To start, heed these words: Don’t dance when you’re injured!
‘What’s the point of this post then?’ you ask.
This is for those of you who have begun a rehearsal or job process and suffered an acute injury during said process. Although, in the name of activism, the best thing to do is rest and recharge for another day, we’re all too familiar with the mantra “the show must go on”.
Equity rightfully continue to challenge this ideology in the dance industry – among many things. But at times – let’s be honest – the job is career defining or is close to heart. It’s important to reiterate: Don’t dance with an injury!
This post is a personal account on how I navigated the ‘Reflection’s process with an ankle sprain, and will hopefully offer some insight in how you too can navigate the effects of an injury.
After spending an evening at a Floor Rippers dance jam in Brixton (you should check them out, it’s always a great atmosphere), high on Serotonin because dance always makes me happy, I took a leisurely stroll to the train station; (Public transport is always involved).
Only just realising the time, I had but a few minutes to run to get on the right train.
Hello stairs. Feet, meet stairs. Stairs, meet feet. One step in particular was a bit overzealous with the introductions and fancied a chat with my ankle. Ankle meet stairs, stairs ankle.
Not a fun experience.
It took a good hour to get home and apply the *RICE method – but by then, the damage was done.
Rest (often this need only be ‘modified rest’ for the injured body part, rather than complete rest) to encourage healing and prevent further injury.
Apply Ice as soon as possible (wrapped in a damp towel, not directly to the skin or you will risk burning it).
Compress the injury site using a bandage.
Elevate the injured body part – all of which will help to reduce blood flow to the injured area discouraging swelling and preventing secondary tissue damage.

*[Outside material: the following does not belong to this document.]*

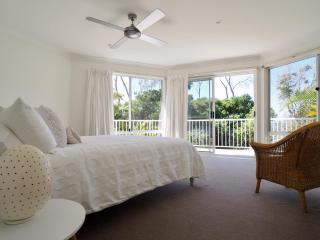 Beachfront Retreat - Ducted Air - Free Wifi - Coffs Harbour - 2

A month later, and ankle still bandaged, the rehearsal process began. And with it being such an important project for me (and all of us) I adopted a cyclical practice to ensure I would be ready.
Whatever acute injury you suffer, mobility and suppleness from stretching aid the healing. In my case, releasing tension in the joint, and surrounding foot muscles to allow for stability and mobility.
But don’t overdo it! Excessive stretching can be as equally damaging. Speaking to Dance Informa, Lisa Howell of Perfect Form Physiotherapy, says: “Make sure that you avoid over-stretching. A lot of people just stretch when they’re off, which is one of the worst things you can do because the muscles lose their strength, become very lax and don’t fire correctly.”
As suggested above, over-stretching can leave the ankle and foot muscles susceptible to more injury – especially from muscle and tendon laxity.
Exercises are necessary to rehabilitate ALL muscles that aid the foot’s (or the area of injury’s) stability.
In this case, before and after rehearsals, I would take time to test the ankle’s strength gently, never forcing or rushing the process. Taking from Tomislav English’s Ferus Animi / Terra Nova practice, a series of crawling locomotive exercises worked on the whole body and leg muscles to establish a harmonic stability; almost like a reintroduction of the foot to the rest of the body.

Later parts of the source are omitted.